Requirement: Return only the lines of the listing below that run from the line with "1198 Happy Ridge" through the line with "2nd image of 821 10th Ave N", both ends included, exactly as written.
*** Opening of Listed entries ***
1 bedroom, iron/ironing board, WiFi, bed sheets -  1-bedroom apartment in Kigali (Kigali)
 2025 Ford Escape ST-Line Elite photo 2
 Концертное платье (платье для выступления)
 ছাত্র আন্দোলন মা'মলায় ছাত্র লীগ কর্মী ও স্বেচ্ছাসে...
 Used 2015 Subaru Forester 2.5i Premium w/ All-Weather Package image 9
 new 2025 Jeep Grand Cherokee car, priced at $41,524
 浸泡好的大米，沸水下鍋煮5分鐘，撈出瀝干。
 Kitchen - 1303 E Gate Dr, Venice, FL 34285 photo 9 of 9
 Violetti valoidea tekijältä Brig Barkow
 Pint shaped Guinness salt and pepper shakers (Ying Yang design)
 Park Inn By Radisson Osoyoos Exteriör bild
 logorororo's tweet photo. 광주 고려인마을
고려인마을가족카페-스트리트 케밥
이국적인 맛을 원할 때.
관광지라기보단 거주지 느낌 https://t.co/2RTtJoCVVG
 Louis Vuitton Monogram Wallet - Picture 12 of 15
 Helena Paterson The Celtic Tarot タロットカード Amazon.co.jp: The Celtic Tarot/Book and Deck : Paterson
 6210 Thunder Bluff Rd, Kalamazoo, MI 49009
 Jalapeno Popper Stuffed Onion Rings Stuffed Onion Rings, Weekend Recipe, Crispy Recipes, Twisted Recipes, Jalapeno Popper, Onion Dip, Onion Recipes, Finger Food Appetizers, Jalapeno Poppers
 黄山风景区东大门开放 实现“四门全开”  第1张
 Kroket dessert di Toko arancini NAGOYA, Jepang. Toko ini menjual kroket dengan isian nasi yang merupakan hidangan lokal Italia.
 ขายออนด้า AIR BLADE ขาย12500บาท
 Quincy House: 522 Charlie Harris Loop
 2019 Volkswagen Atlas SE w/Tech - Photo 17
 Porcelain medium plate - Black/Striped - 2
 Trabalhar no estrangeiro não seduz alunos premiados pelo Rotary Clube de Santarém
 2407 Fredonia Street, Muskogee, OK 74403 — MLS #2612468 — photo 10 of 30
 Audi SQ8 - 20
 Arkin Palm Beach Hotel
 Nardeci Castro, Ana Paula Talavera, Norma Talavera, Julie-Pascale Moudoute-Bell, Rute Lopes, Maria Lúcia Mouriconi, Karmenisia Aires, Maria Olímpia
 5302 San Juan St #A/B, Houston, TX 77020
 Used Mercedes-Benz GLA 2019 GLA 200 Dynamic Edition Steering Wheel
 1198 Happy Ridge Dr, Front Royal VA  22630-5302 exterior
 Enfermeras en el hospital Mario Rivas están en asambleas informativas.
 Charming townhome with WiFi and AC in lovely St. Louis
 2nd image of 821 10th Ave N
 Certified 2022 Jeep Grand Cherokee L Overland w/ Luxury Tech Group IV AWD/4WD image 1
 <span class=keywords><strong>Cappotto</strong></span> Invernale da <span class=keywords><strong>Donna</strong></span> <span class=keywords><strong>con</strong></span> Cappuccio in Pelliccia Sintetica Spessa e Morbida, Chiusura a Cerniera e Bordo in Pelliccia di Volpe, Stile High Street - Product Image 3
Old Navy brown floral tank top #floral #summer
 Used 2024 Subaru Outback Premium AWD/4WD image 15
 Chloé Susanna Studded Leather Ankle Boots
*** Close of Listed entries ***
Solution for this exercise:
 1198 Happy Ridge Dr, Front Royal VA  22630-5302 exterior
 Enfermeras en el hospital Mario Rivas están en asambleas informativas.
 Charming townhome with WiFi and AC in lovely St. Louis
 2nd image of 821 10th Ave N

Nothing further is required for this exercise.